Este ambiente es el punto de partida de «Los 70 a destajo. Ajoblanco y Libertad». El autor, José Ribas fue uno de aquellos jóvenes, estudiante de Derecho a comienzos de los 70, de padre falangista de la primera hora, luego tibiamente franquista; uno de tantos que descubrió la política en las aulas de la Universidad. Ribas entró al ruedo político con la intención de colaborar activamente en la caída del Régimen, datando de entonces un rencor imposible de disimular hacia el PSUC y las diferentes banderías de la extrema izquierda.
Este rencor recorre todo el libro, sembrando la obra de ridículas comparaciones entre Francisco Franco y Vladimir Lenin, anatemizando al comunismo y a los comunistas, tratados todos de aliados del posfranquismo reformista y de enemigos de los trabajadores, sin distinciones ni matices. Metiendo en un mismo saco a las vedettes de la gauche divine y a los honestos militantes comunistas, trotskistas, maoístas, olvidando los años de cárcel, torturas y penurias de los que nunca se rindieron, los últimos soldados de la República Española.

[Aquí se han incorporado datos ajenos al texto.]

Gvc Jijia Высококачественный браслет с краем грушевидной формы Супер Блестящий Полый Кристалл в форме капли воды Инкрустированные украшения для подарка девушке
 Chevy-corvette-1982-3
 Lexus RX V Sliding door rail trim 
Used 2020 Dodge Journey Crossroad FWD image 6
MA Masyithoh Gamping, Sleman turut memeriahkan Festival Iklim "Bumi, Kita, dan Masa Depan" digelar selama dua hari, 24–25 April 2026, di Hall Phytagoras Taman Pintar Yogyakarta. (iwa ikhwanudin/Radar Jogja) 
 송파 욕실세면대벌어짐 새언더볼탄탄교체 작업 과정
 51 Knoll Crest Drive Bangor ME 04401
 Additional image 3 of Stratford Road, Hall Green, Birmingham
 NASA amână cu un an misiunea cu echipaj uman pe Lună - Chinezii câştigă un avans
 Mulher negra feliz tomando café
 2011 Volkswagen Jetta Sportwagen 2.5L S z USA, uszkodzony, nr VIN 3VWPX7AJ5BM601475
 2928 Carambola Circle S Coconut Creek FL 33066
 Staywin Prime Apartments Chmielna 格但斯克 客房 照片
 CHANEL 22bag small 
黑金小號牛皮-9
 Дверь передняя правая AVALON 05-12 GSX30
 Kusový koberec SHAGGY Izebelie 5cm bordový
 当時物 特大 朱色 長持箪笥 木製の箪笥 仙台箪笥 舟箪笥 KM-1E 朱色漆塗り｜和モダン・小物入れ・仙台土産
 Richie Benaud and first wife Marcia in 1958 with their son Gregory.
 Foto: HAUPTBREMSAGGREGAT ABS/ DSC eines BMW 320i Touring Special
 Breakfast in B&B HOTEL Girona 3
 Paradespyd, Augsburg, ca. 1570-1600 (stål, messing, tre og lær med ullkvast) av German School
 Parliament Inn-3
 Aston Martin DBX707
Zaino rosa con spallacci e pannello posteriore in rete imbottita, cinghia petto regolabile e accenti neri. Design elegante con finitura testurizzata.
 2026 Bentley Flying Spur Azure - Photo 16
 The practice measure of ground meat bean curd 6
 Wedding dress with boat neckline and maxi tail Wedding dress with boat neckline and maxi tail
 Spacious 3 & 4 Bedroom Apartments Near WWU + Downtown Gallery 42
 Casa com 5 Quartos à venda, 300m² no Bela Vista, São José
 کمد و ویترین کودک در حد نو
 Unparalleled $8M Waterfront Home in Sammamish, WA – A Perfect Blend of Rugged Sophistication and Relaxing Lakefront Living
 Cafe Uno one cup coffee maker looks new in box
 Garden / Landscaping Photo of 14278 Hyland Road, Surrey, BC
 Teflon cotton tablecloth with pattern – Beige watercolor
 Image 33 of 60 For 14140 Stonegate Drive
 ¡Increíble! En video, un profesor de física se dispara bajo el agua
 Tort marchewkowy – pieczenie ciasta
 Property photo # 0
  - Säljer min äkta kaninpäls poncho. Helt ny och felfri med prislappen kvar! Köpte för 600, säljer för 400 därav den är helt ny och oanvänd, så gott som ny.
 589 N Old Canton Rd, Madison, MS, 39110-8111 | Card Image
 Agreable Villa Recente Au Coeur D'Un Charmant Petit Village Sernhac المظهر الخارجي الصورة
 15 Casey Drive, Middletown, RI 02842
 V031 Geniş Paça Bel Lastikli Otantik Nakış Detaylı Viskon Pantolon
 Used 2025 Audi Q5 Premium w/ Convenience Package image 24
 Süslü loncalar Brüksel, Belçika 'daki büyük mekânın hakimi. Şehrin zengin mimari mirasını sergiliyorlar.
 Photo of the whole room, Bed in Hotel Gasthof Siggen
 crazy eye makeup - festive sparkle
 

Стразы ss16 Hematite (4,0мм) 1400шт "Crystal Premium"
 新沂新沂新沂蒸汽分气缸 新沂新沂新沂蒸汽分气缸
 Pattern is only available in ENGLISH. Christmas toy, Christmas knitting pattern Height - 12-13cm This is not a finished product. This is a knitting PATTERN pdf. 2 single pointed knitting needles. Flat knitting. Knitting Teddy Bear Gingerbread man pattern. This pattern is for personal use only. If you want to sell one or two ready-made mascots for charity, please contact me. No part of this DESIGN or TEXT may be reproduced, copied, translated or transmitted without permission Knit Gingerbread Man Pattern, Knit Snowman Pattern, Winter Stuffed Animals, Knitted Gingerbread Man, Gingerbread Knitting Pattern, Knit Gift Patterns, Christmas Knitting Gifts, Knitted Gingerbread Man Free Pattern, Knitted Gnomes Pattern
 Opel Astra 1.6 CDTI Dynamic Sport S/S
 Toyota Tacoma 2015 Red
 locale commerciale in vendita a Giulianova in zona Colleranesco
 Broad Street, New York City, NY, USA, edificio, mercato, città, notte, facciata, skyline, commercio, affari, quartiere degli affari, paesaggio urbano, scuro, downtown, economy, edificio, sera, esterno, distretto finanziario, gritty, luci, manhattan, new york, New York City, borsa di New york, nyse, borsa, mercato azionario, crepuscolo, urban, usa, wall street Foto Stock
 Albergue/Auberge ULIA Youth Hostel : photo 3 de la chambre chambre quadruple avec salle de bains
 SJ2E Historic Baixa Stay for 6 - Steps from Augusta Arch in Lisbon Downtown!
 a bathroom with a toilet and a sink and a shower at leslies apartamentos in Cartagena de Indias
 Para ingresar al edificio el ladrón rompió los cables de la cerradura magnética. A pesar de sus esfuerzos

Ribas escupe verdades como puños, comentando el paso de muchos dirigentes del PSUC o de Bandera Roja al carro de los vencedores de la historia, denunciando la gran mentira de la Transición, el pacto entre la élite liberal de la dictadura y la cúpula dirigente de las izquierdas, haciendo tabula rasa de cuatro décadas de crímenes impunes, equiparando a verdugos y a víctimas, amnistiando a Simón Sánchez Montero para que pudiera ser amnistiado también Manuel Fraga Iribarne.
El leit motiv fundamental del título que les comento es Ajoblanco, el semanario barcelonés que José Ribas puso en marcha en 1974. Revista contracultural y underground en sus inicios, escorada hacia el anarquismo conforme evolucionaban ideológicamente sus mentores y colaboradores, al albur del fin de la dictadura y de la instauración de la democracia. Toni Puig, Fernando Mir, Luis Racionero, Quim Monzó, Ana Castellar, Ramón Barnils, fueron las cabezas pensantes del invento en su primera época, cuando les tocó competir con Triunfo, con Cambio 16, con Cuadernos para el Diálogo, revistas punteras de la información política, opositoras al Régimen desde el liberalismo, el comunismo o la socialdemocracia.
Ajoblanco posibilitó el encuentro de muchísimos jóvenes con inquietudes políticas y artísticas similares, alejadas de lo convencional. El Ajo potenció la liberalización de las costumbres sexuales, encorsetadas y oprimidas por la moral católica, dignificando la sexualidad herida de gays y lesbianas. Observó con atención los derroteros de la reforma pactada de la dictadura, atacando el afán colaboracionista de los cargos dirigentes del PSOE o del PCE, apostando fuertemente por la reconstrucción de la CNT, la central anarcosindicalista, a la que se afilió un esperanzado Ribas, una vez legalizada.
El comunismo libertario impregna cada una de las páginas de «Los 70 a destajo. Ajoblanco y Libertad». Visto como alternativa factible y radical al franquismo, y también al juancarlismo, ensalzado en demasía, con entusiasmo desmedido e irreal. Pepe Ribas confunde la realidad y el deseo, asignando un potencial a la CNT de entonces, de la que esta carecía objetivamente hablando. Aquella CNT no era ni la sombra de la de los años 30, cuando contaba sus afiliados en cifras de seis ceros. Aún así, reconozco que era un formidable enemigo del Estado monárquico, un enemigo contradictorio e iluso a ratos, al que se combatió con fiereza y al que se derrotó, sobre todo tras el caso Scala.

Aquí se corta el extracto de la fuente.